New Zealand politicians have decided they're already paid pretty well and will urgently introduce a law blocking their own wage rise, Prime Minister Jacinda Ardern says.
Wages for the country's politicians – like in Australia – are set by an independent body, a process that deliberately keeps the annual pay review at arms-length from the politicians.
Jacinda Ardern says she and other New Zealand politicians were already paid well enough and don’t need a scheduled pay rise.
But Ms Ardern on Monday told reporters a 3 per cent rise that had been recommended by the Remuneration Authority this month wasn't "acceptable" and that her cabinet had voted to instead freeze wages and allowances where they were for a year.
The NZ government coalition parties had all agreed to it, and Opposition Leader Simon Bridges was informed of the decision earlier in the day. Ardern said he was also supportive.
New Zealand's Prime Minister currently has a base salary of about $NZ470,000 ($425,000), compared to about $538,000 earned by Australia's Malcolm Turnbull.
Allowances are awarded on top of those figures, which take care of "out-of-pocket expenses" related to the job.
The wage freeze will see Ms Ardern miss out on a pay rise of around $NZ14,000 ($12,600).
"We do not believe, given that we are on the upper end of the salary scale, that we should be receiving that kind of salary increase," she said.
"Because we, of course, already are on a high income … One of the things we've been trying to bridge as a government is the fact that we see these increases at the top end of the scale, without the same increase at the end of the scale where most New Zealanders sit."

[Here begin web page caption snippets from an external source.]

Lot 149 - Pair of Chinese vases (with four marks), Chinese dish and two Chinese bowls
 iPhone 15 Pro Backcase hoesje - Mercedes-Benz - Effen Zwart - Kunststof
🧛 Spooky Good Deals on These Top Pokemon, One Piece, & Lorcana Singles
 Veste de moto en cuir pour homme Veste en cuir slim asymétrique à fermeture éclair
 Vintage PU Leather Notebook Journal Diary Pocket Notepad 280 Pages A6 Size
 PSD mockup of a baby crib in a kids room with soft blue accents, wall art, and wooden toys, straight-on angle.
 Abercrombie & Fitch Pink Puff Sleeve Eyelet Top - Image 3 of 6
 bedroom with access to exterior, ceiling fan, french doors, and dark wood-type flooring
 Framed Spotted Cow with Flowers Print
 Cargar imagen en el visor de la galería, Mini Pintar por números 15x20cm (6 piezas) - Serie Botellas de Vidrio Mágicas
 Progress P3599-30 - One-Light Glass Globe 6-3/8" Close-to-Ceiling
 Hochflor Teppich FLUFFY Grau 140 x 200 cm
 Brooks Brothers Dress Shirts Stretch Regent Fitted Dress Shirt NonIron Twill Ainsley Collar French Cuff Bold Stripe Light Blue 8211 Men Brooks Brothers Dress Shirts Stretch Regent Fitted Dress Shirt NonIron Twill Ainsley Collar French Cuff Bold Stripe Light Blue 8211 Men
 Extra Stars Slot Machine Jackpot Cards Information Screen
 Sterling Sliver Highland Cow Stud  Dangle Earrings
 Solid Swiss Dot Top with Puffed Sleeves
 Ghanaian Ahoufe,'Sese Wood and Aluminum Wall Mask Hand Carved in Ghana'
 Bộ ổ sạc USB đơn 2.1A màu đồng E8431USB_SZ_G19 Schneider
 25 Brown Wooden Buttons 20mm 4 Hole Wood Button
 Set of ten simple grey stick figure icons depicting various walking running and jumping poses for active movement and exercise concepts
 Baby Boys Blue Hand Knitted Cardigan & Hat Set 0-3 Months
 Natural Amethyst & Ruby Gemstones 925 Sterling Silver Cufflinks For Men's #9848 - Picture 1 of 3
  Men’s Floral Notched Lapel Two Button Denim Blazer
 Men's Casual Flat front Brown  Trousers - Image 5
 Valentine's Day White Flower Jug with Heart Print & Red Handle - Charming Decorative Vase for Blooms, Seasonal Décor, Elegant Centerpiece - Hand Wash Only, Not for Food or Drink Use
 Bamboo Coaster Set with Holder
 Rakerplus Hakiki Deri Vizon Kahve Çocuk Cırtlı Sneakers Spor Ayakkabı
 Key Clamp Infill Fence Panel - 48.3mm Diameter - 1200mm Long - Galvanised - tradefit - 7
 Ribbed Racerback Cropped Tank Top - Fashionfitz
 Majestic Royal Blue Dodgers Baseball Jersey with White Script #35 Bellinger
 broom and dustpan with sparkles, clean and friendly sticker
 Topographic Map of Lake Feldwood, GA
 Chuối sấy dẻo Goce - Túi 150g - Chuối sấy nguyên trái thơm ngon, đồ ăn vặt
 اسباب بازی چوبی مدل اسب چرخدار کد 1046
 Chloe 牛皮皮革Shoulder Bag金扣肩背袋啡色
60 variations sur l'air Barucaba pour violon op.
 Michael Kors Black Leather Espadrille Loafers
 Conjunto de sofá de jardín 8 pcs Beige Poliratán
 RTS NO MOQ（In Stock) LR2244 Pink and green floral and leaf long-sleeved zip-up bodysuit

However, because the current law keeps politicians from interfering in the pay decision, New Zealand lawmakers will now have to quickly put through a bill blocking their own raises.
That would give them time to work out a "fairer formula" for how the authority sets the wages in future, Ms Ardern said.
The announcement follows the first mass strikes by the country's primary school teachers and nurses in a generation, as the government is locked in a contentious pay negotiation, but Ms Ardern denied that had spurred the decision.
The issue of MPs' pay has always been fraught in New Zealand, with several former prime ministers – including Sir John Key and Sir Bill English – expressing unease at pay increases in years past.
In 2015, under Key, members of Parliament hurriedly passed a law to cut their controversial pay rises, but still gained an average increase of more than $NZ5000 that year. The law change saw MPs' pay tied to average wage increases as determined in Statistics New Zealand's Quarterly Employment Survey – resulting in a 1.5 per cent pay rise, instead of the 3.5 per cent the Remuneration Authority had originally set.
MPs have also systematically legislated to try to reduce additional perks like travel costs that used to stretch far beyond their parliamentary term.
Green Party co-leader Marama Davidson said MPs should eventually only get the same pay rise as the average worker, "in dollar terms".
"MPs are paid well above the average worker, so giving them a percentage rise accentuates their higher pay. When it is right for MPs to get a rise, they should get the same in dollar terms as what the average worker receives."
Australia's federal politicians were given 2 per cent pay rises in July, with backbenchers earning about $207,000 a year, compared to $NZ164,000 ($148,712) across the ditch.